Target Analysis - Purinoreceptors
P2X3 and P2X7 receptors
Moving away from the circulatory system, and demonstrating the wide expression of P2 purinoreceptors throughout the body, expression of P2X3 receptors is also highly localized on sensory neurones involved in the perception of pain, and the peripheral or spinal application of ATP and other agonists has been shown to induce pain responses and enhance sensitivity to noxious stimuli. The role of P2X3 receptors in pain has been validated, with hypoalgesia being observed in gene knockout and gene silencing studies. The localization of the receptors has made them an attractive target for the development of selective analgesics.
One company with a strong presence in purinoreceptor therapeutics is Evotec, an emerging biotech company with a robust pipeline of drugs primarily for the treatment of CNS disorders and pain. Evotec's P2X3 and P2X2/3 antagonist program is in the lead optimization stage of preclinical development with compounds expected to enter the clinic in 2009. Evotec is predicting that its drugs will achieve first- and best-in-class status, with development of Abbott's P2X2/3 receptor antagonist (A-317491) being dropped. While showing promise in preclinical studies, A-317491 was shelved on account of poor oral bioavailability and serves as an example of how the pharmaceutical industry has faced difficulty in synthesizing clinically-viable drug-like molecules against these two targets.
P2X7 receptors have been the most baffling to researchers but have also attracted much interest from the pharmaceutical industry. The complex signalling and puzzling cellular effects of P2X7 receptor activation have not deterred drug discovery efforts. An important role for P2X7 receptors in the regulation of cytokines has been recognized. This has prompted a number of companies to begin development of P2X7 receptor antagonists for the treatment of inflammatory diseases including RA and inflammatory bowel disease (IBD).
The most advanced P2X7 receptor antagonist is Pfizer's CE- 224535, which is currently in the Phase IIa portion of a Phase II/III trial in RA patients who are inadequately controlled with methotrexate, the current standard treatment. It is yet to be seen what role, if any, P2X7 receptor antagonists will have in the treatment of RA. P2X7 receptor antagonists have been tested for a number of indications, many of which have been discontinued; for example, a Phase II trial of the anti-inflammatory and analgesic efficacy of CE-224535 in osteoarthritis knee pain was terminated after an interim analysis showed a lack of efficacy compared to placebo. Another advanced P2X7 receptor antagonist is AstraZeneca's AZD-9056, which is in Phase II trials for RA. Like CE-224535, its potential for osteoarthritis was investigated but subsequently discontinued. Additionally, development programmes for IBD and chronic obstructive pulmonary disease (COPD) were also terminated. AZD-9056 is currently under development for RA with submissions for approval expected in 2012. Returning to Evotec, the company has launched a Phase I study for its P2X7 antagonist.
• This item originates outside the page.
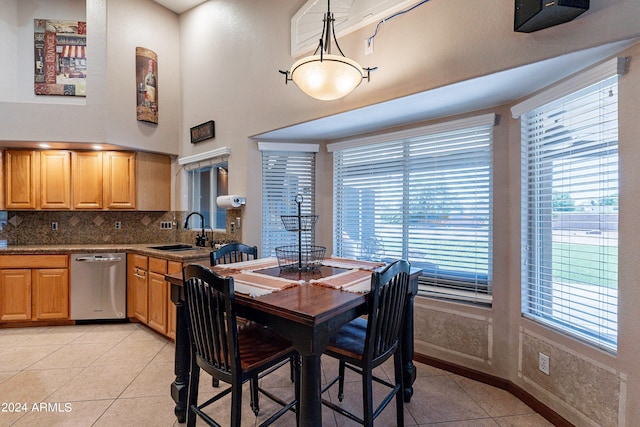 tiled dining area with a high ceiling, plenty of natural light, and sink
The trial will examine the pharmacokinetics, safety and tolerability of the compound following oral administration in healthy volunteers.
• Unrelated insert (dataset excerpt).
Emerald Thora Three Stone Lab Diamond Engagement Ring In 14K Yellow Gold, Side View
Recently, genetic variations in the P2X7 receptor gene have been studied in populations suffering from major depressive disorder (MDD) and bipolar affective disorders. One variation has been demonstrated to be strongly associated with both MDD and bipolar affective disorders. This has provided an impetus to develop drugs for the P2X7 receptor to target depression. Affectis Pharmaceuticals, a German biopharmaceutical company, is investigating potential drugs for the treatment of depression and schizophrenia. AF-4025, its P2X7 receptor agonist for the treatment of depression has completed preclinical testing and is planned for clinical development. The company also has P2X7 receptor antagonists in the late stages of lead optimization.